On the other side is a asyncio queue, with 3 consumers only, waiting for new messages of created files (consumers then upload the files to a server).
The code below works, but is sequential, and I just don't understand why (despite the many documentation I read about asyncio).
main.py (daemonized):
paths_observer = PathsObserver()
if __name__ == "__main__":
paths_observer.start()
try:
while paths_observer.is_alive():
paths_observer.join(1)
except KeyboardInterrupt:
paths_observer.stop()
paths_observer.join()
pathobserver.py (simplified, used to record which folders to watch):
from watchdog.observers import Observer
class PathsObserver(Observer):
def observe_folder(self, folder_path: str) -> None:
event_handler = DataFileHandler(path=folder_path)
watch = self.schedule(event_handler, folder_path, recursive=True)
filehandler.py: note the import of the scheduler
from watchdog.events import FileCreatedEvent, FileSystemEventHandler
from .scheduler import scheduler
class DataFileHandler(FileSystemEventHandler):
def on_created(self, event):
scheduler.prepare_and_upload(event.src_path)
scheduler.py:
MAX_TASKS = 3
class UploadScheduler(object):
def __init__(self):
self._loop = asyncio.get_event_loop()
self._queue = asyncio.Queue(0, loop=self._loop)
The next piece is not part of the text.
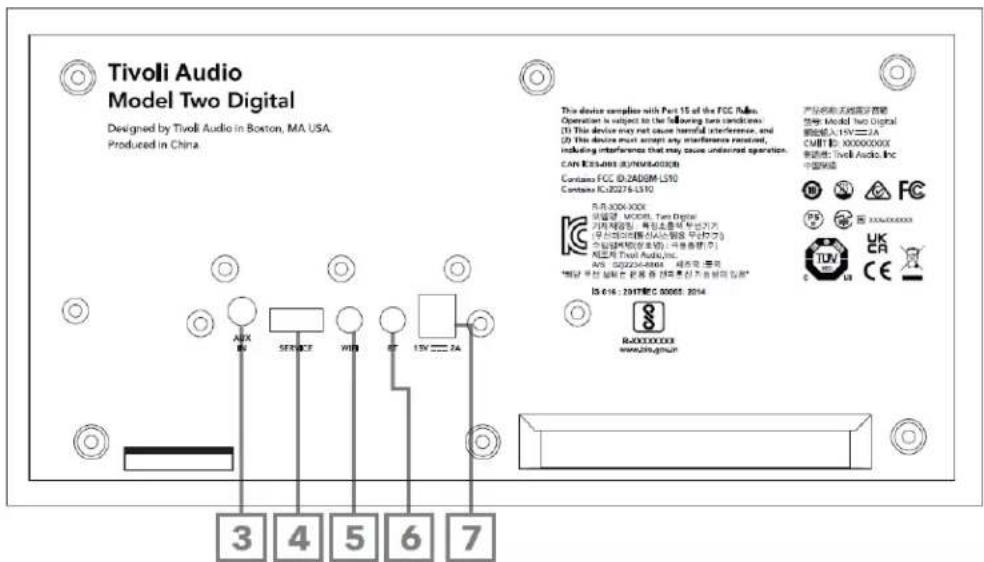 Tivoli Audio Model Two Digital Designed by Tivoli Audio in Boston, MA USA. Produced in China. This device compler with Part 15 of the FCC (FCC) Operation is subject to the following two conditions: (1) This device may not cause harmful interference, and (2) This device must accept any interference resistant, including interference that may cause undirected operation. CAN IEC3-4001 2017M8540000 Contains FCC ID:2ADSM-LST0 Contains FCJ20276-LST0 RAN JX004-X004 智能语音 MODRS, Two Digital 用户界面功能:有语音或有文本交互器 (手机应用的默认设置为"型号"和"卡"等) (含话筒/话框/话框)(中话筒/话框) (含话筒/话框/话框)(中话筒/话框) (含话筒/话框/话框)(中话筒/话框) (含话筒/话框/话框)(中话筒/话框) (含话筒/话框/话框)(中话筒/话框) (含话筒/话框/话框)(中话筒/话框) ISO 616 : 2017E/C 20005 : 2014 RAX RAX SERVICE WEB BT 15V 2A RAXXXXXXX www.rbxgroup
self._consumers = [asyncio.ensure_future(self._consumer(self._queue)) for _ in range(MAX_TASKS)]
async def _consumer(self, queue):
while True:
file_path = await queue.get()
await <do some stuff with file_path>
queue.task_done()
async def _producer(self, file_path):
await self._queue.put(file_path)
def prepare_and_upload(self, file_path):
self._loop.run_until_complete(self._producer(file_path))
scheduler = UploadScheduler()
If I remove self._loop.run_until_complete
, tasks aren't fetch by consumers, and a message says the producer
hasn't been waited. If I put self._queue.put_no_wait(file_path)
in a non-async func, consumer jobs don't get started either.
I am doing something wrong ?
What I expected: when multiple files are created, a bunch a new producers are being called. And since consumers take a bit of time to upload everything, they slowly catch up. And the whole thing stays, and wait for new files to upload.